Чувствую, что проваливаюсь в сон, пытаюсь сопротивляться. Но я уже на грани: то здесь, в старой палатке, то качаюсь на сверкающих волнах. То со мной рядом Габриель, то это Линден обнимает меня, как он часто делал во сне. Линден плачет у меня над ухом и произносит имя своей умершей жены. Я открываю глаза. Утоптанная земля и тонкое покрывало неприятно отличаются от пушистого белого одеяла, которое мне только что привиделось, и на секунду Габриель кажется мне незнакомцем. Его рыжеватые волосы совершенно не похожи на темные кудри Линдена, его тело массивней и не такое бледное. Я снова пытаюсь его расшевелить. Никакой реакции.

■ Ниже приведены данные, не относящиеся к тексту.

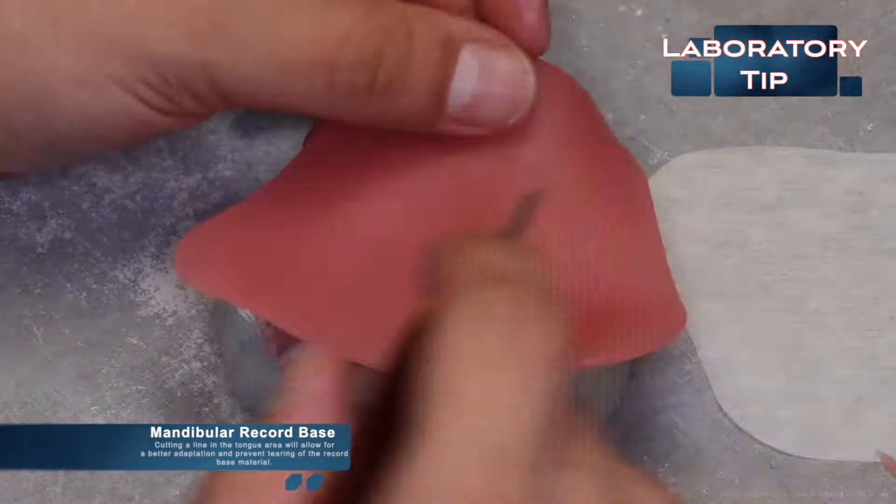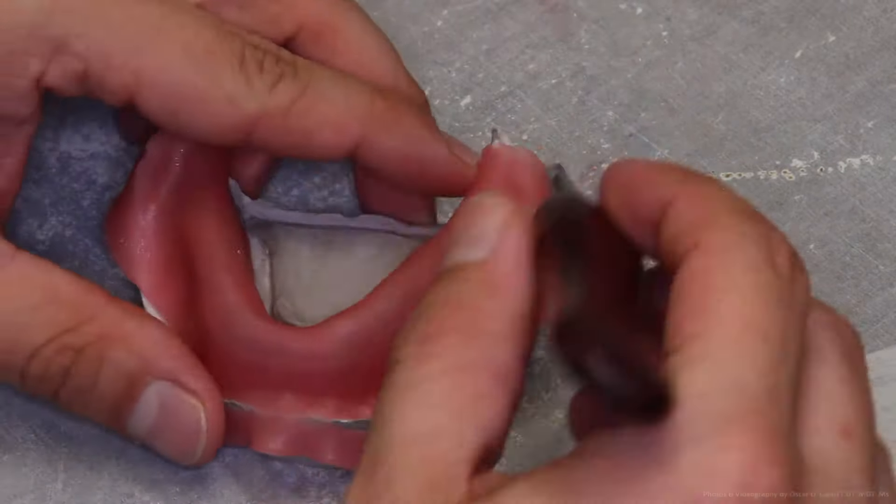Trimming the excess on the mandibular is the same as performed on the maxillary. Ensure that the record base borders are extended fully into the sulcus areas, and on the mandible ensure that they cover the retromolar pads.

Закрываю глаза, и на этот раз мне видятся змеи. Их шипящие головы выныривают из-под земли, их тела обвиваются вокруг моих лодыжек. Они пытаются меня разуть.
Просыпаюсь в панике. Сирень стоит на коленях у моих ног, осторожно стягивая с меня носки.
— Я не хотела тебя напугать, — говорит она.
Мне кажется, будто прошло уже много часов, но через прорезь палатки я вижу, что на улице все еще ночь.
— Что ты делаешь?
Голос у меня хриплый. В шатре холодно, и с губ срывается облачко пара. Не понимаю, как эти девицы не замерзают до смерти в своих легких платьях.
— Мокрая же насквозь. Знаешь, ноги и руки должны быть в тепле. Иначе подхватишь пневмонию.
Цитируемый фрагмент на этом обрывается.